# Ok Here's My Plant..whats Goin On Here?



## 1HIGHGODDESS (Sep 17, 2006)

Here's My Plant..it Looks Good From The Top But Look Closly...what Do I Do?


----------



## ROOR (Sep 17, 2006)

some yellowing can be normal, but probably a nitrogen defeciency.

given any nutes? how far along?


----------



## astra007 (Sep 18, 2006)

bottom leaves die.  dont panic.  pic off.  watch it close.  report back


----------



## Darth BongWongDong (Sep 19, 2006)

lack of nutes, especially N..........


----------



## 1HIGHGODDESS (Sep 19, 2006)

SO AM I DOING OK FOR NOW? ...
AFTER THAT/THIS NOW WHATTA I DO?... 

NOW STUPID QUESTION..WHERE AND WHAT DO I USE TO GIVE IT NIT?
I HAVENT GIVEN IT ANYTHING..JUST POP THE SEED IN SOME NICE SOIL AND THAT WAS IT..WATER IT EVERY OTHER DAY OR SO..AND THIS IS WHAT I GOT SO FAR....

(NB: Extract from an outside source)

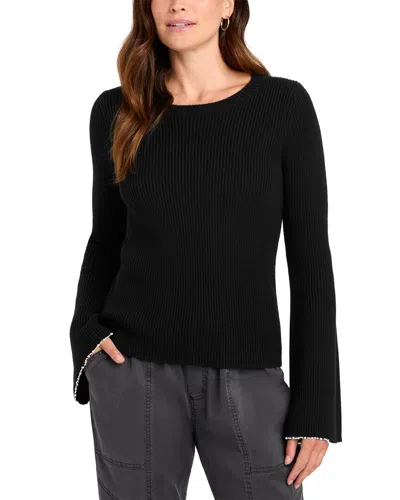 SPLENDID SPLENDID FARAH WOOL-BLEND SWEATER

JUST SO U KNOW..I ALREADY SEE LIL WHITE HAIRS SPROUTIN OUTWARDS..AND LIL BALLS OR CLUSTERS UNDER THE BIGGER LEAVES..IM GUESS'IN IT'S GROWING..LOL
SOORY THIS IS THE FIRST IM GROWWN MY STASH..LOL..SO I REALLY HAVE NO CLUE WHAT TO EXPECT..I DONT WANT TO WASTE ANY SEEDS THAT I HAVE COLLECTED..AND SEEING THE PLANT DIE..WHICH IS A SAD THING FOR ME.


----------



## AeroTX (Sep 20, 2006)

heh, nothing to worry about. Get some nutes going to it, especially now that it is flowering. I used Flora Nova Blooming product, stay grean, liquid karma (all in moderation, of course), and sometimes growth hormone. Be sure and read carefully to take your measurements.


----------



## justawannabe (Sep 29, 2006)

A nitrogen deficiency does cause the lower leaves to yellow, and the upper leaves to appear a more lime green color.  Looking at the second picture tho, theres something else noticible and that is the red-ish/purple-ish color on those lower fans.  That is caused (typically) by a P deficiency.  Generally speaking, shes under fed.


----------



## astra007 (Sep 29, 2006)

got an update on yer plants?


----------



## ROOR (Sep 29, 2006)

If you dont have any nutes, you can collect some rainwater as its a good source of nitogen..


----------



## astra007 (Sep 29, 2006)

eh?  rainwater?  nitrogen?  where do you get this stuff?


----------



## skunk (Sep 29, 2006)

tell you what take a urine in a five gallon bucket and fill rest with water and BAM there you some nitrogen.


----------



## astra007 (Sep 29, 2006)

yup that will work


----------



## LV_pothead (Sep 30, 2006)

A good cheap source of Nitrogen is urine, yes pee. On a plant that small I wouldn't use much and I would dilute it at least 2 to 1. Urine is a very good source of readily avalible nitrogen. During the peak growth of my plant I urinated in the soil at least once a day but mine was 2 feet tall!! Also it kind of tends to make the soil smell like urine after a while so thats kinda a down side. But seriously, try it, she will green right up!! And it only costs a couple of beers!!


----------



## astra007 (Sep 30, 2006)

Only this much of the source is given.